Domain of a Rational Function

The domain of a rational function includes all real numbers except those that cause the denominator to equal zero.

HOW TO

Given a rational function, find the domain.

1. Set the denominator equal to zero.

2. Solve to find the $x$-values that cause the denominator to equal zero.

3. The domain is all real numbers except those found in Step 2.

Example 4

Finding the Domain of a Rational Function

Find the domain of $f(x)=\frac{x+3}{x^{2}-9}$.

Solution

Begin by setting the denominator equal to zero and solving.

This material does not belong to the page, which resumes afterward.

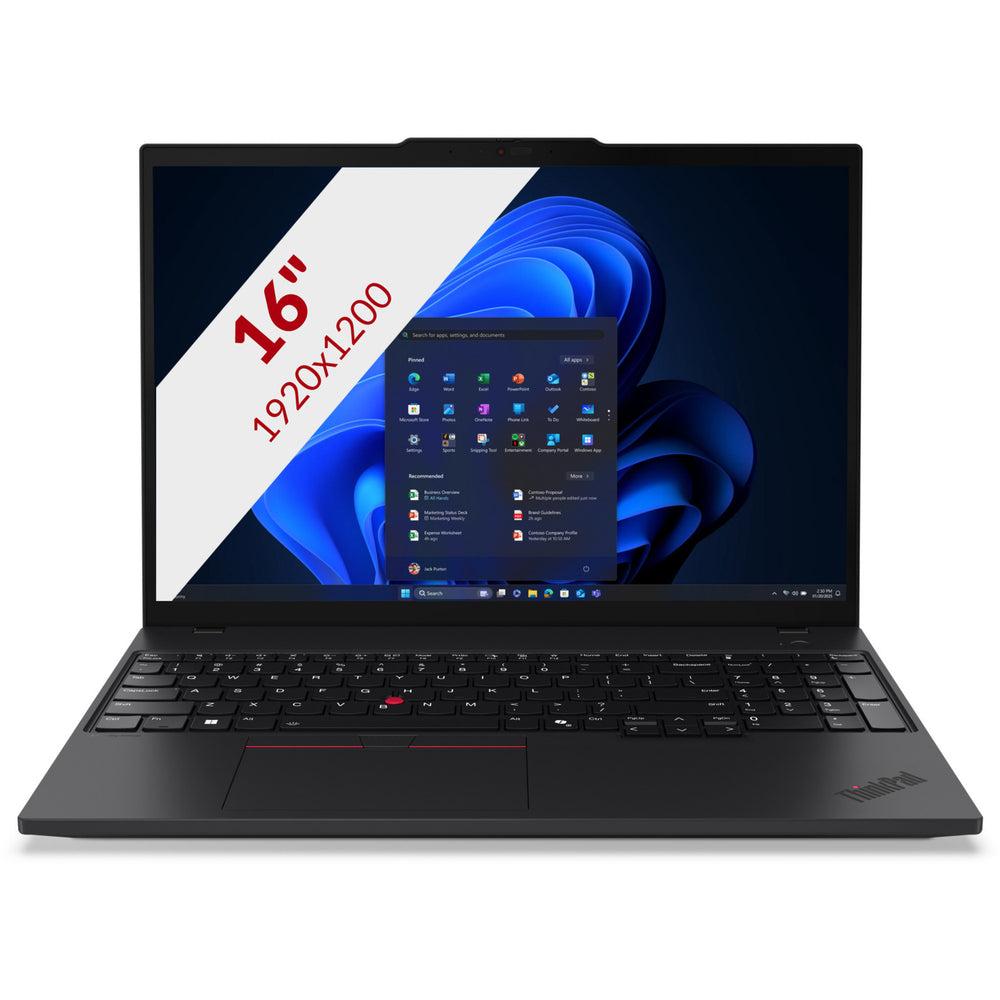 Lenovo thinkpad t16 gen 4 intel (21qe005bmh) 16 laptop (zwart | core ultra 5 225u | intel graphics | 16 gb | 512 gb ssd)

$\begin{aligned} x^{2}-9 &=0 \\ x^{2} &=9 \\ x &=\pm 3 \end{aligned}$

The denominator is equal to zero when $x=\pm 3$. The domain of the function is all real numbers except $x=\pm 3$.

Analysis

A graph of this function, as shown in Figure 8, confirms that the function is not defined when $x=\pm 3$.

Figure 8

There is a vertical asymptote at $x=3$ and a hole in the graph at $x=−3$. We will discuss these types of holes in greater detail later in this section.

Try It #4

Find the domain of $f(x)=\frac{4 x}{5(x-1)(x-5)}$.